La Chine, un partenaire clé de l'Afrique
En réaction à ces récents coups d’État, le ministre chinois de la défense Li Shangfu avait tenu à rappeler que « la tradition de s’aider mutuellement ne [changeait] pas » et avait même évoqué un renforcement de la coopération avec le continent africain. Des dires du ministère de la Défense, le ministre a d’ailleurs des entretiens réguliers avec ses homologues sénégalais, congolais, camerounais ou encore ougandais.
Pékin est significativement présent dans tous les États ayant subi des putschs. Au Niger par l’exploitation d’une raffinerie et la construction d’un oléoduc passant par le Bénin, par ses projets agricoles et par celui d’un parc industriel, qui n’est finalement pas sûr de voir le jour. Au Gabon également, où la seule route reliant les deux principales villes du pays est chinoise, et où une nouvelle exploitation minière est envisagée.
Il n'est pas anodin de constater que depuis 1991, c’est en Afrique que les ministres des affaires étrangères chinois effectuent leur premier voyage de l’année. Si la Russie s'est illustrée par la déstabilisation de la zone pour asseoir sa position, notamment par l'emploi des mercenaires du groupe Wagner, la Chine privilégie quant à elle les projets d’infrastructures, la coopération économique, jugée parfois déséquilibrée, et l'action diplomatique et culturelle. La Chine cherche à développer en Afrique, continent rongé par des décennies d'instabilité politique et de faible croissance, un ordre politique même sommaire, afin de pleinement s'y déployer économique.
L’Union Européenne fragilisée en Afrique
Les coups d’État à répétition ont entériné la fin, maintes fois annoncée, de l’hégémonique présence française dans certains États africains, la mort de la Françafrique.

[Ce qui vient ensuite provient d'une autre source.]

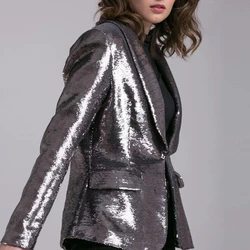 Sequin Leather Jacket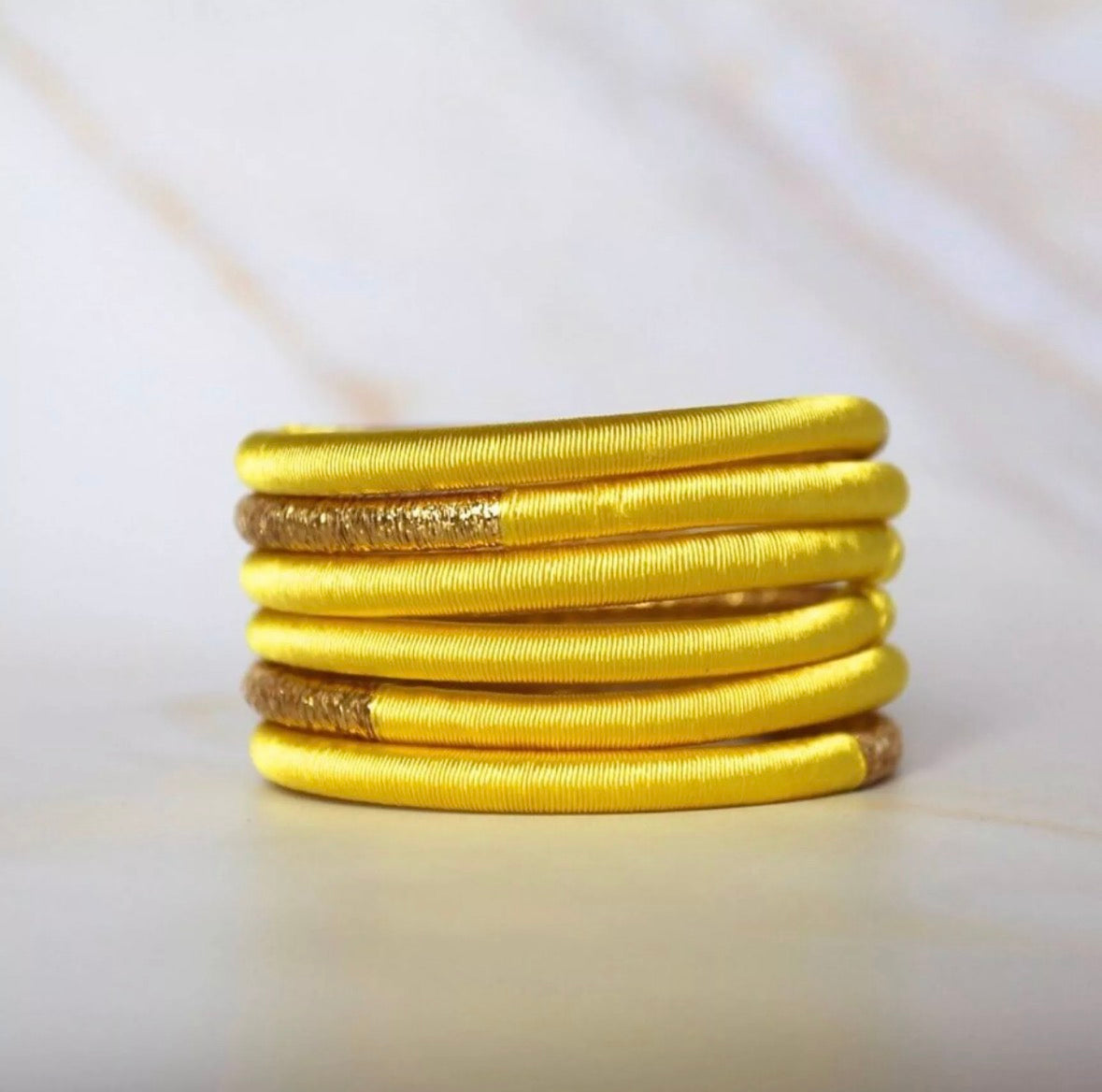 Jonc dahabi citron stack artisanal Maroc beloves
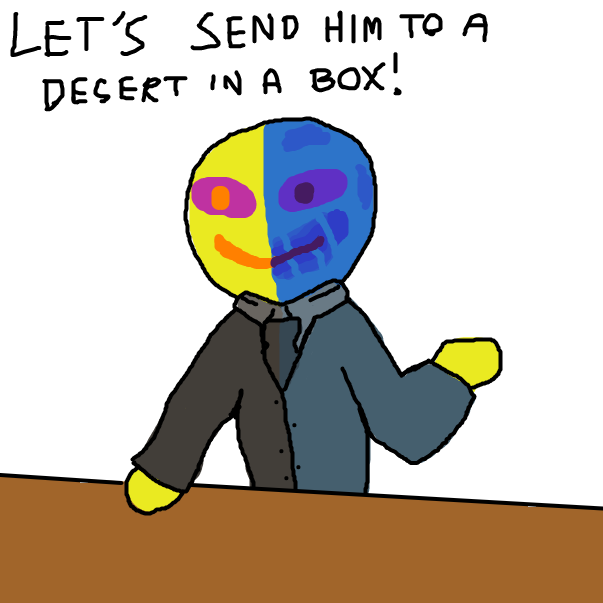 Drawing in It's Simple. We kill the Slugman by Nejt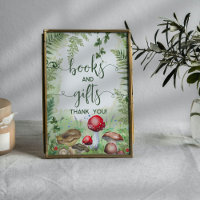 Woodland Forest Paddestoelen Varens Script Books G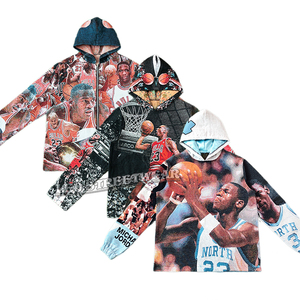 Sudaderas con Capucha Personalizadas con Diseño de Tapicería, Ropa Urbana de Baloncesto para Hombre, Fabricante de Ropa de Tallas Grandes, Sudaderas con Capucha Forradas de Satén - Product Image 4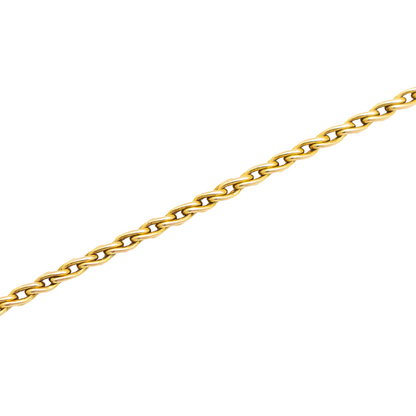 18ct Yellow Gold Wheat Chain Necklace 28"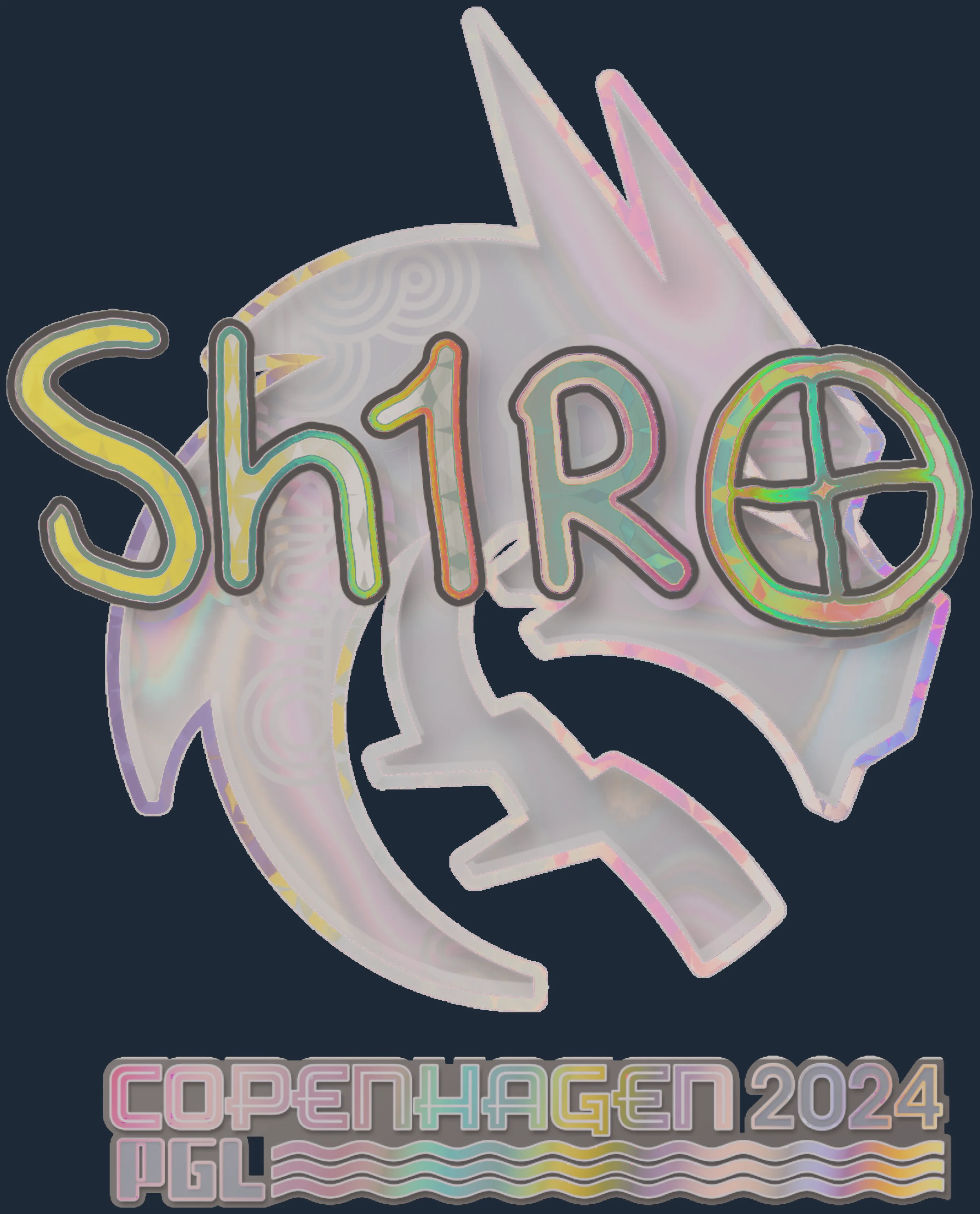 Sticker | sh1ro (Holo) | Copenhagen 2024 Image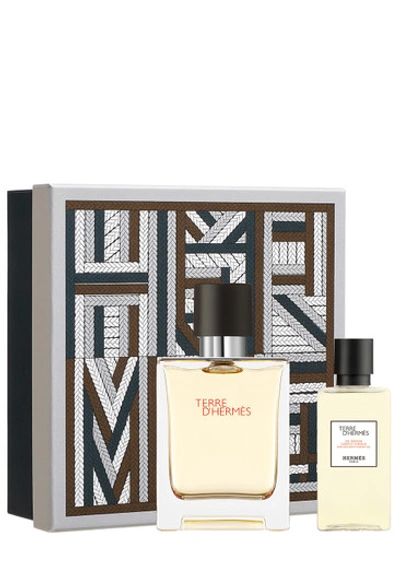 Hermes Terre D'hermès Gift Set Eau De Toilette 50ml In White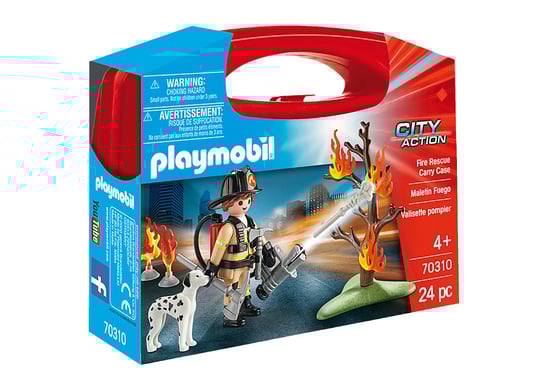 Playmobil City Action Fire Rescue Maletín de transporte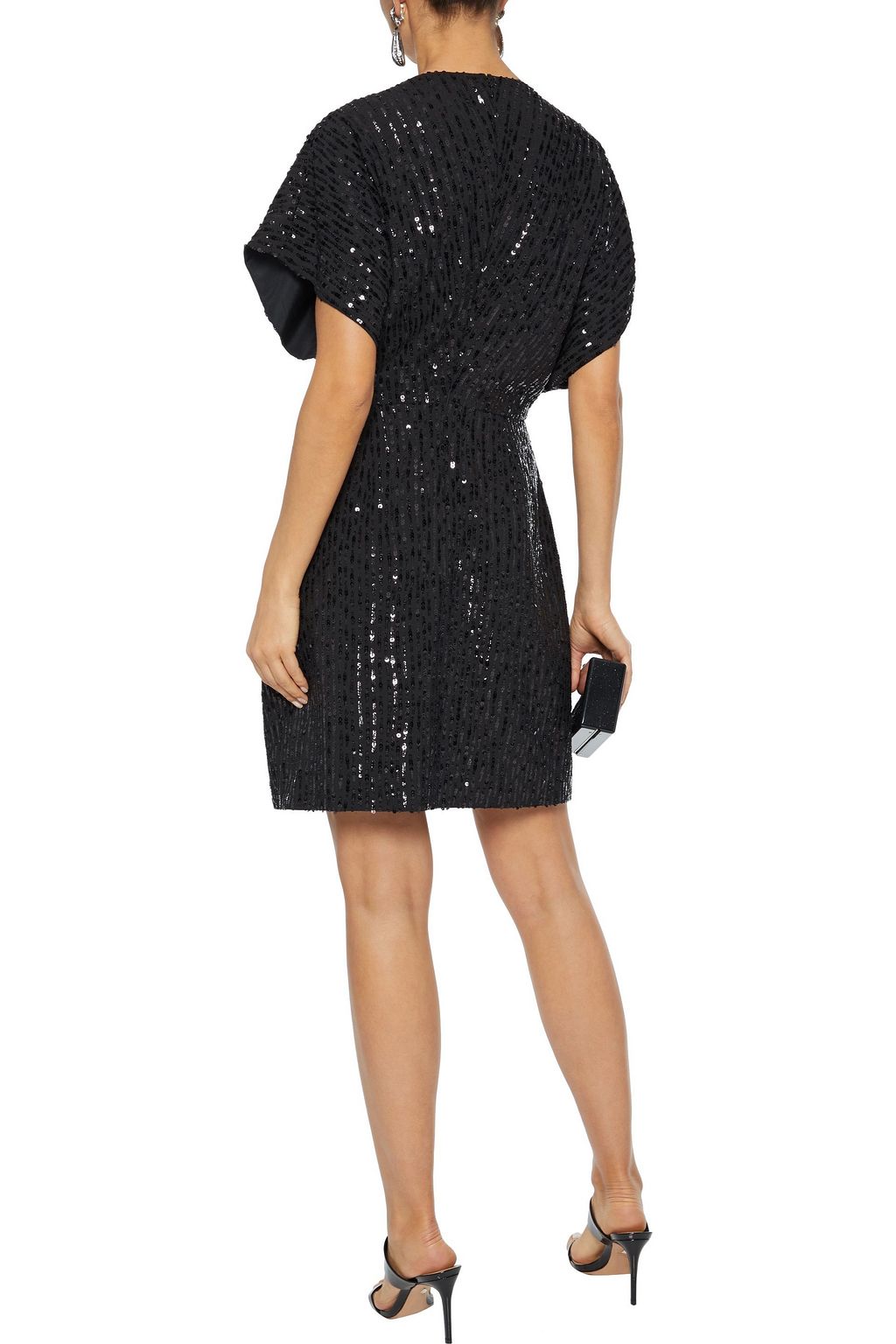 NINA RICCI Sequin-embellished crepe mini dress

À l'échelle européenne, nombreuses sont aujourd'hui les personnalités politiques qui remettent en cause l’efficacité des Fonds de Développement déployés sur le continent africain. Ainsi, Samedi 23 septembre sur la chaîne Public Sénat, l’eurodéputée belge Assita Kanko a-t-elle appelé à « cesser de signer des chèques à blanc » et à « ranger le chéquier », critiquant l’utilisation massive par les autocraties africaines de l’argent de la coopération dans le but de se maintenir au pouvoir. Ces dernières années, l’Union européenne est devenue le premier donateur sur le continent africain, avec les 30 milliards d’euros de son Fonds de Développement. Peu ciblé, mal investi, il a prouvé son ineffectivité depuis quarante ans, comme l’a récemment admis le haut représentant de l'Union Européenne pour les affaires étrangères et la politique de sécurité, Josep Borrell.

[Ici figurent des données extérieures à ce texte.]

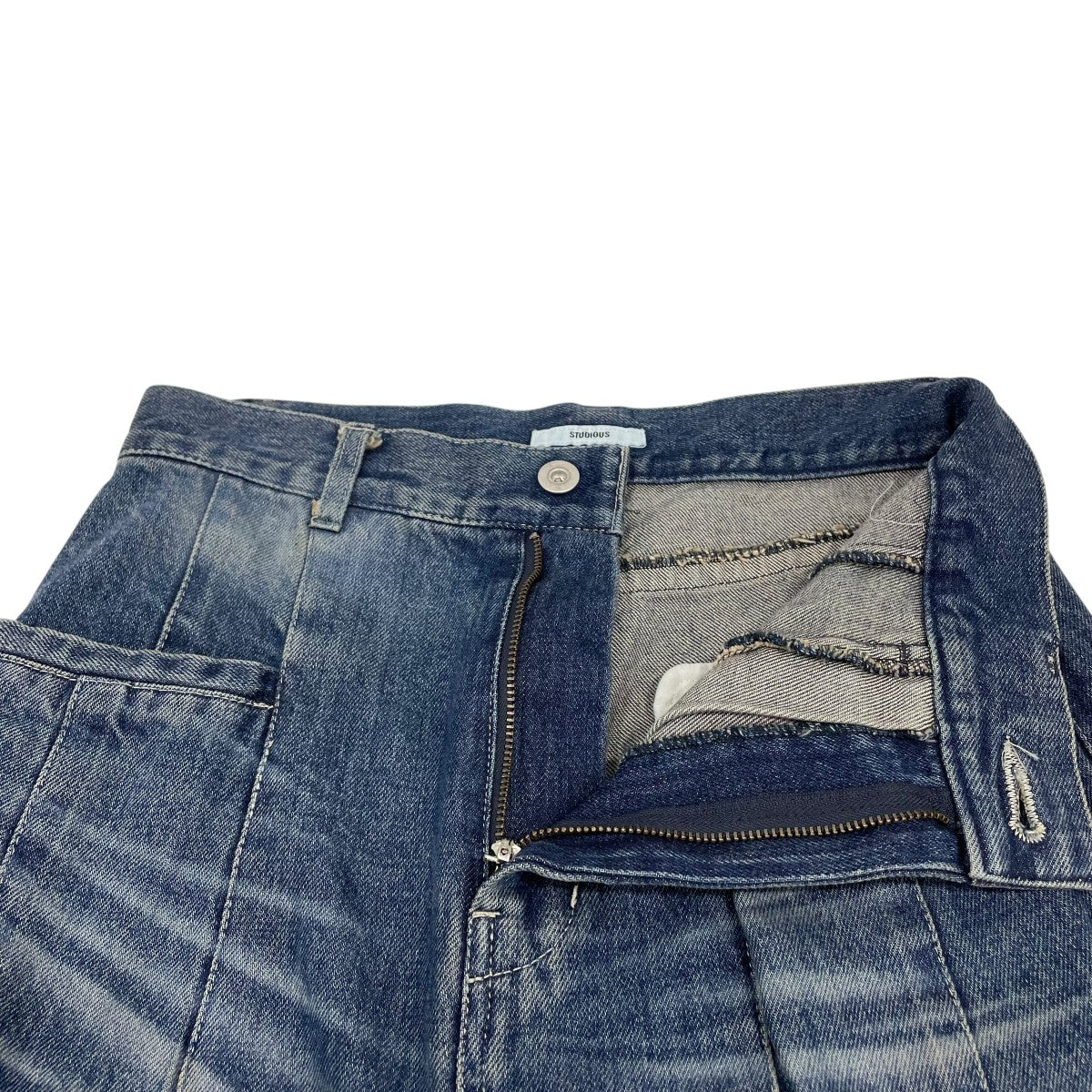 Tucked Wide Leg Jeansデニムパンツ125340026 - Image 3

Pékin et Bruxelles, un étonnant alignement
« Vérité en deçà des Pyrénées, erreur au-delà » ? Pas dans ce cas-ci, pas de satisfaction chinoise à l’égard du sort des Européens, mais au contraire la même inquiétude partagée. La crise économique que traverse la Chine et le ralentissement de sa croissance font désormais réfléchir les dirigeants à deux fois avant d’initier de nouveaux projets. Il s'agit pour eux avant tout d'assurer la rentabilité des opérations sur place.
La Chine tient par exemple à l’influence qu’elle exerce sur la Communauté Économique des États de l’Afrique de l’Ouest (Cedeao), dont elle a financé le siège pour plus de 30 millions de dollars. Mais toute la question pour elle est de savoir si cette organisation est utile, efficace et capable de répondre aux troubles que traversent les États de la zone. Au vu du nombre de coups d’État restés sans réponse militaire, la réponse est dans la question.

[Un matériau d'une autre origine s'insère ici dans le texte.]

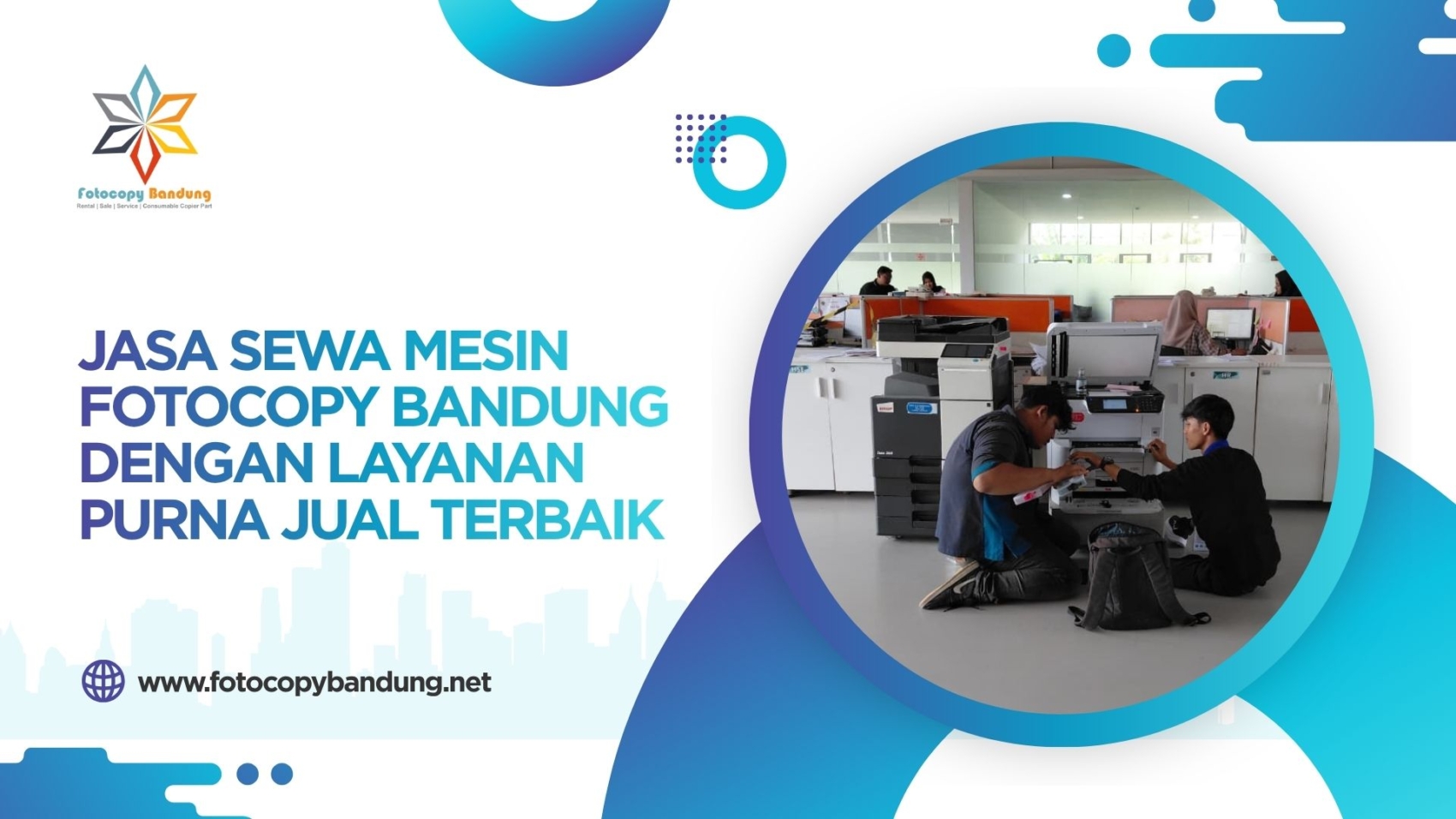 Jasa Sewa Mesin Fotocopy Bandung dengan Layanan Purna Jual Terbaik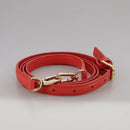 TORY BURCH Hand Bag Leather 2way Red Gold Auth am7378-28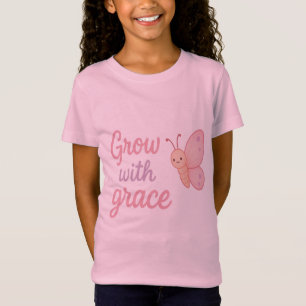Groei Met Gratie Vlinder T-Shirt voor Meisjes – Sc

La Chine souhaite donc rester un acteur majeur, indispensable à l’Afrique, et même consolider sa présence sur le continent. Or les risques que font courir la détérioration de la sécurité au Sahel et l’inquiétude partagée avec les Européens pourraient la pousser à orienter à l'avenir ses nouveaux investissements vers des zones plus sûres.